#### [TASK GOAL]
Only the pictures should be left out; repeat the rest of the data exactly.

#### [AVAILABLE DATA]

##############################

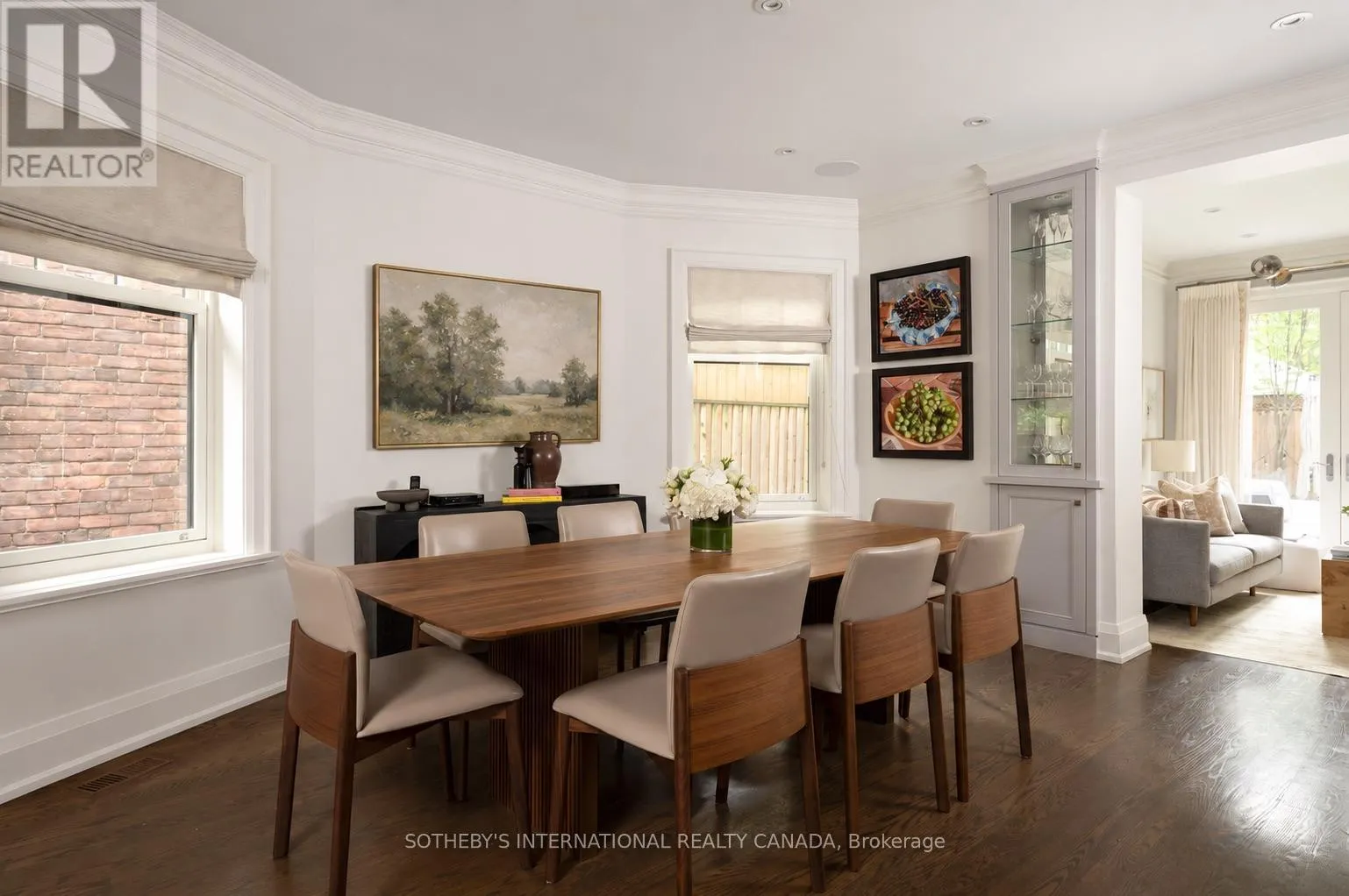 106 HIGHLAND AVENUE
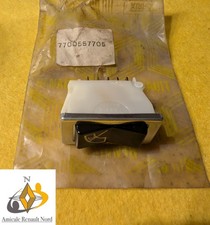 Neu orig. RENAULT R4 R5 R6 r15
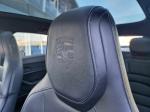 porsche-taycan-taycan-2023-eletrico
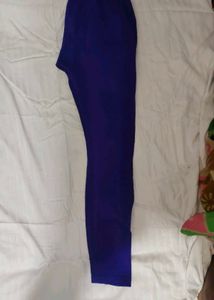 Leggings For Ladies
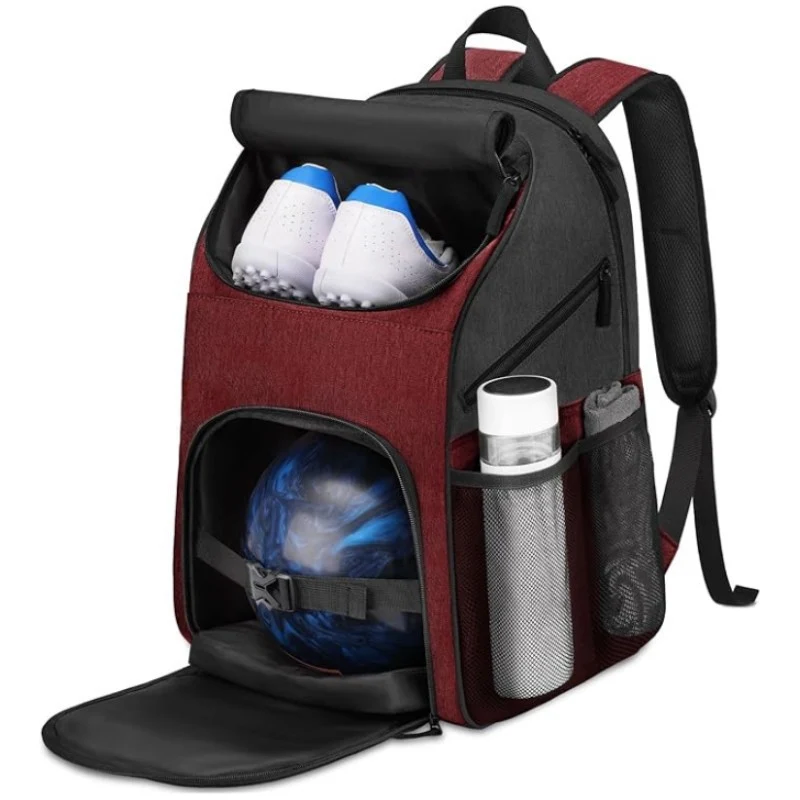 Multifunktionaler Sport-Rucksack Karnz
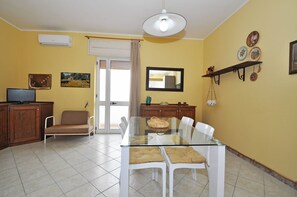 Căn hộ, hút thuốc | 3 phòng ngủ 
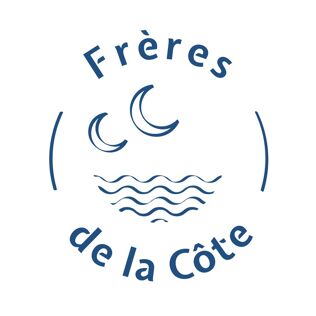 Frères de la Côte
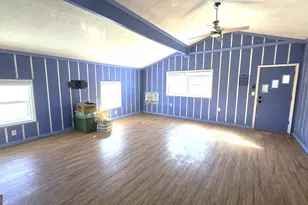 1605 Shackelford Rd, Griffin, GA 30224 - Photo 13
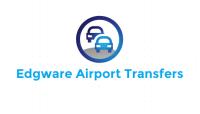 Edgware Airport Transfers image 3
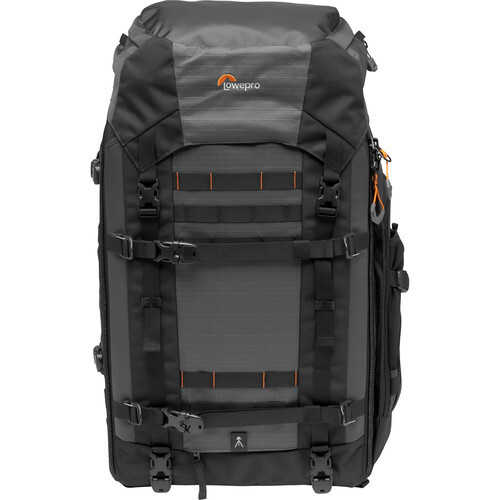 Zaino lowepro pro trekker - lowepro, bp
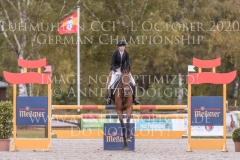 Q Base Marie Sophie ZAUBER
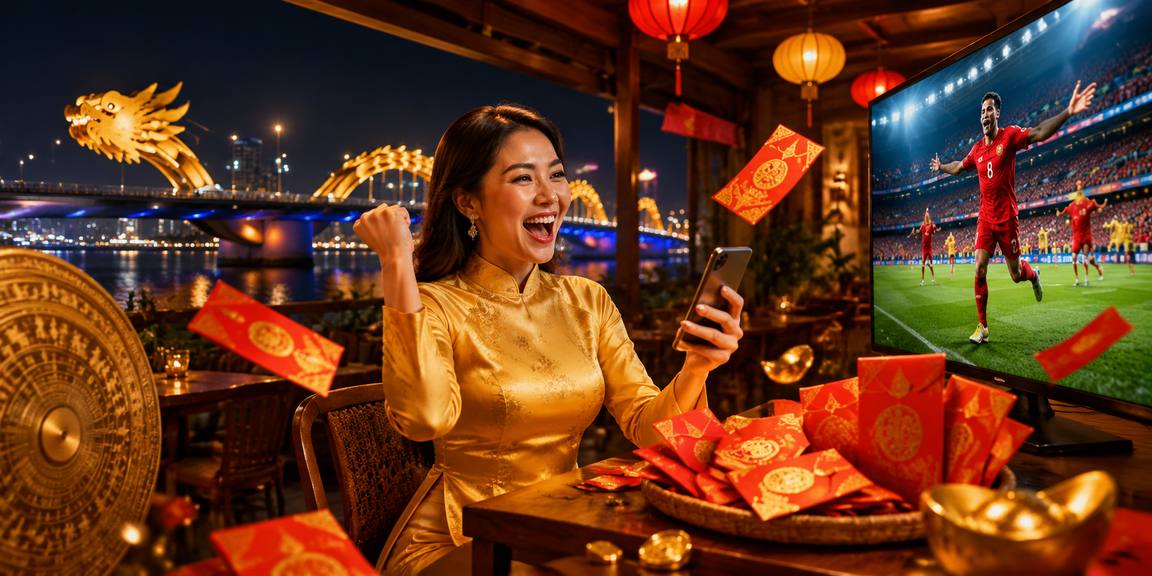 188com Bàn tốc độ vừa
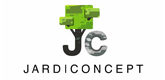 Jardi Concept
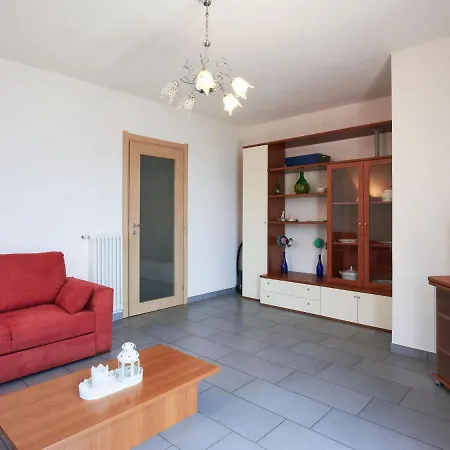 Aurora - Dma331 By Interhome *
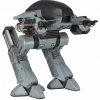 Neca Toys **Pre Order**NECA Robocop - 7" Scale ED-209 Action Figure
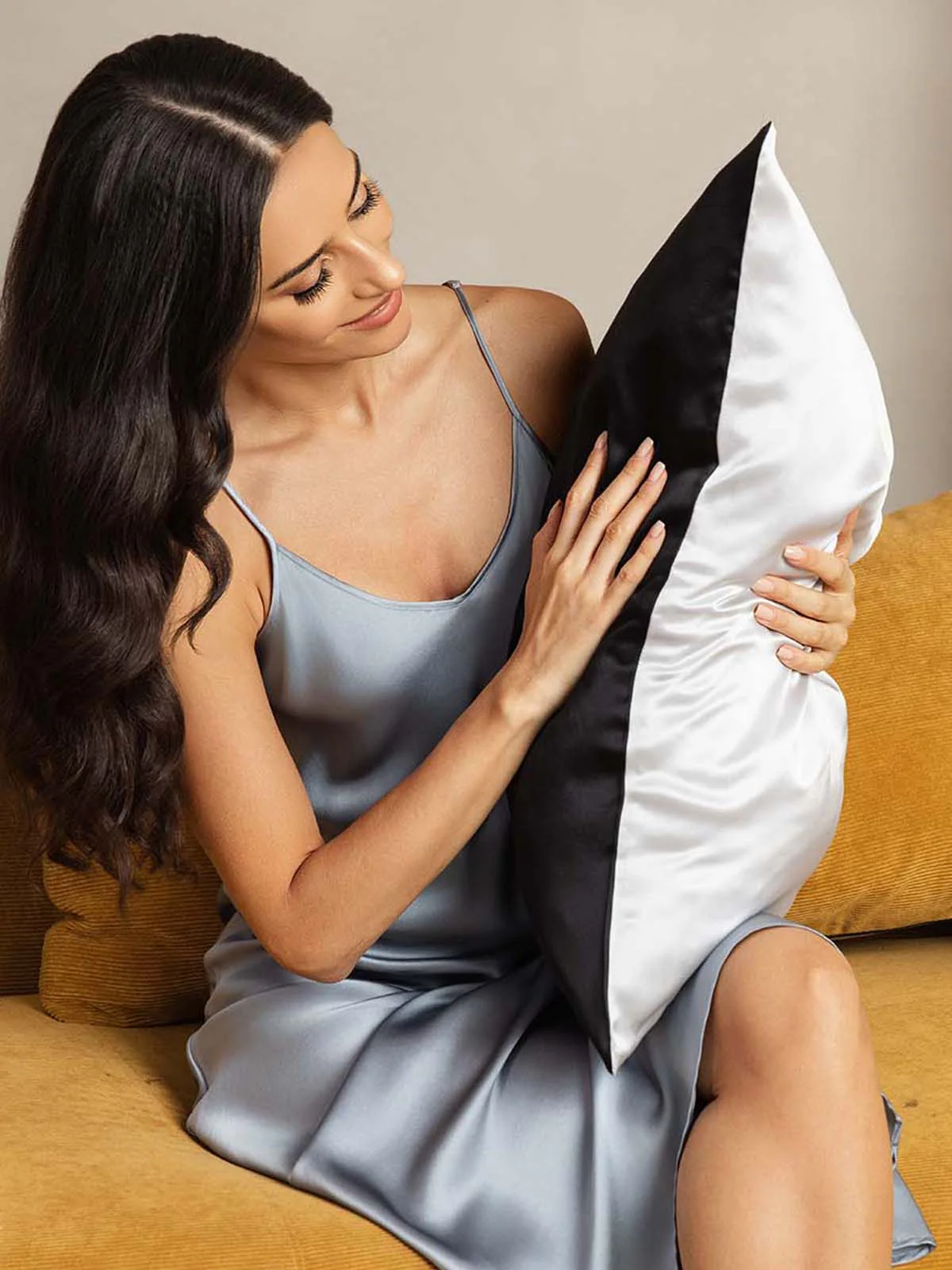 Product image 194
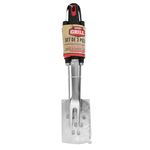 Utensilios-para-BBq-marca-Expert-Grill-3-pzas-4-2804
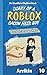 Camp Chaos (Diary of a Bacon Hair Boy, Book 10) (Diary of a Roblox Bacon Hair Boy)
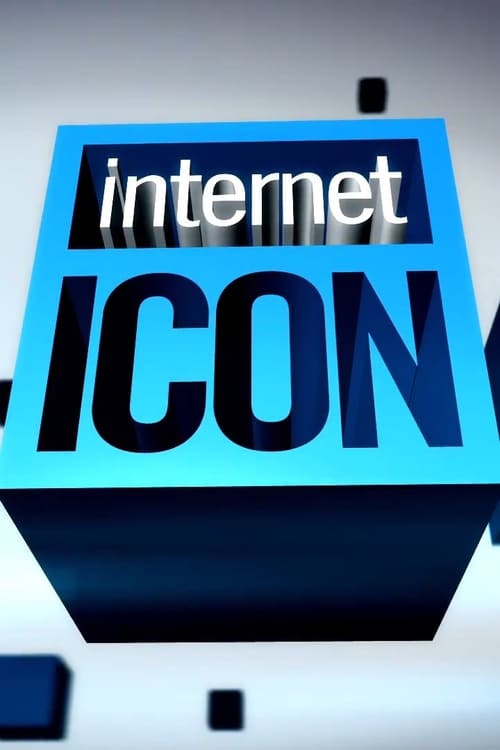 Internet Icon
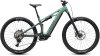 Cube Stereo Hybrid ONE44 HPC SLX 800 jungali'n'black Größe: XL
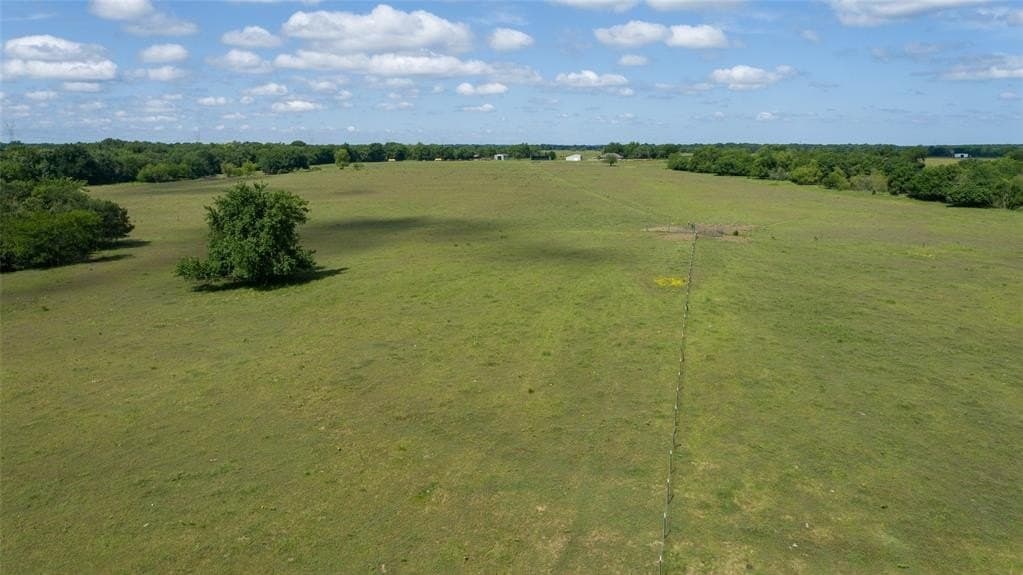 118.31 acres in Franklin (TX) County - photo 16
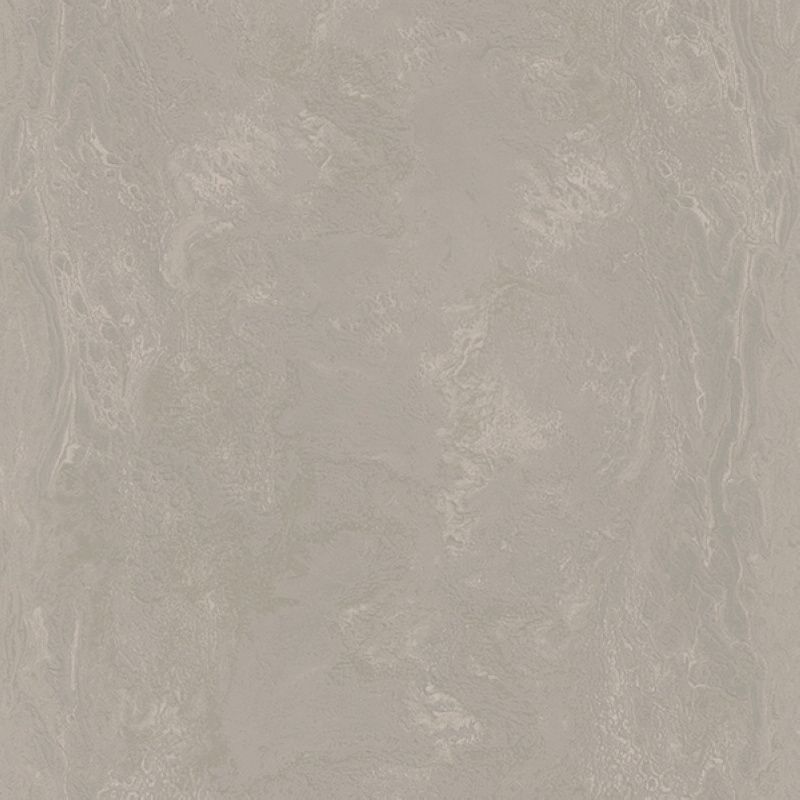 Виниловые обои Trussardi VI 1.06x10.05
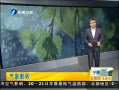 簲 ˮȶէů豣ů
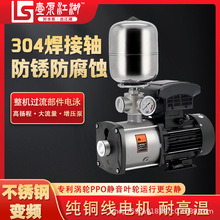 Ҽ�ý����՚���ѭ�h�ò��P�׃�l�����ùܵ����x�ı�偠t�༉��ʽ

##############################

#### [WRITTEN ANSWER]
 106 HIGHLAND AVENUE
 Neu orig. RENAULT R4 R5 R6 r15
 porsche-taycan-taycan-2023-eletrico
 Leggings For Ladies
 Multifunktionaler Sport-Rucksack Karnz
 Căn hộ, hút thuốc | 3 phòng ngủ 
 Frères de la Côte
 1605 Shackelford Rd, Griffin, GA 30224 - Photo 13
 Edgware Airport Transfers image 3
 Zaino lowepro pro trekker - lowepro, bp
 Q Base Marie Sophie ZAUBER
 188com Bàn tốc độ vừa
 Jardi Concept
 Aurora - Dma331 By Interhome *
 Neca Toys **Pre Order**NECA Robocop - 7" Scale ED-209 Action Figure
 Product image 194
 Utensilios-para-BBq-marca-Expert-Grill-3-pzas-4-2804
 Camp Chaos (Diary of a Bacon Hair Boy, Book 10) (Diary of a Roblox Bacon Hair Boy)
 Internet Icon
 Cube Stereo Hybrid ONE44 HPC SLX 800 jungali'n'black Größe: XL
 118.31 acres in Franklin (TX) County - photo 16
 Виниловые обои Trussardi VI 1.06x10.05
 簲 ˮȶէů豣ů
 Ҽ�ý����՚���ѭ�h�ò��P�׃�l�����ùܵ����x�ı�偠t�༉��ʽ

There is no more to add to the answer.